§ **PROBLEM DESCRIPTION**: Below are records; work out how many of their lines contain the word "Pine" and reply with the number only.

··········

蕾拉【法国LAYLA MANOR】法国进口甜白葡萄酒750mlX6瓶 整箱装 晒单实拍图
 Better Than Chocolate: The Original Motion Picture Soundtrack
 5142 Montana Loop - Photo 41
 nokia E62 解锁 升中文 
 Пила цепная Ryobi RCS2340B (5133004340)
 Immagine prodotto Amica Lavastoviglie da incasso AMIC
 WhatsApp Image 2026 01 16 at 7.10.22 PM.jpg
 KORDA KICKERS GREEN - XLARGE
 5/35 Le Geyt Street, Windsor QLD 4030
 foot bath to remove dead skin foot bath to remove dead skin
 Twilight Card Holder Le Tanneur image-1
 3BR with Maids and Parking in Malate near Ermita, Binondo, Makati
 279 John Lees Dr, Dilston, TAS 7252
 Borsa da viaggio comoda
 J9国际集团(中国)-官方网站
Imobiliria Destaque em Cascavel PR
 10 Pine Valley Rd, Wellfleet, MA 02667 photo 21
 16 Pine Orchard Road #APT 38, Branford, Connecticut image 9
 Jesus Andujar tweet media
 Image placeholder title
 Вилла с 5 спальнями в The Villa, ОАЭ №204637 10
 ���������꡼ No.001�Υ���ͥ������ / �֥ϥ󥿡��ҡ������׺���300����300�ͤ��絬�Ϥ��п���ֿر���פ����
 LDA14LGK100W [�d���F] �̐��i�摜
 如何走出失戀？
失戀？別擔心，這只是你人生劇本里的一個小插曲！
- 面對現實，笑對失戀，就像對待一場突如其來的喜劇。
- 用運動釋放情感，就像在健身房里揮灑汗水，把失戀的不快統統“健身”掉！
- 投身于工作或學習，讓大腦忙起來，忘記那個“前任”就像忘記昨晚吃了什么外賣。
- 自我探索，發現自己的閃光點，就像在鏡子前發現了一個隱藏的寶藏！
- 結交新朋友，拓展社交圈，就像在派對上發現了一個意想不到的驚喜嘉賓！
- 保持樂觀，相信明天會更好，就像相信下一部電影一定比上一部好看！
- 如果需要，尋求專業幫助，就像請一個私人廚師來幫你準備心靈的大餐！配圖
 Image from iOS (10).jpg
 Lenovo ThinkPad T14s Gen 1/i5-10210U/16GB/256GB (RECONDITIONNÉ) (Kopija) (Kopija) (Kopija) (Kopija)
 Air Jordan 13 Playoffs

··········

§ **WRITTEN ANSWER**: 2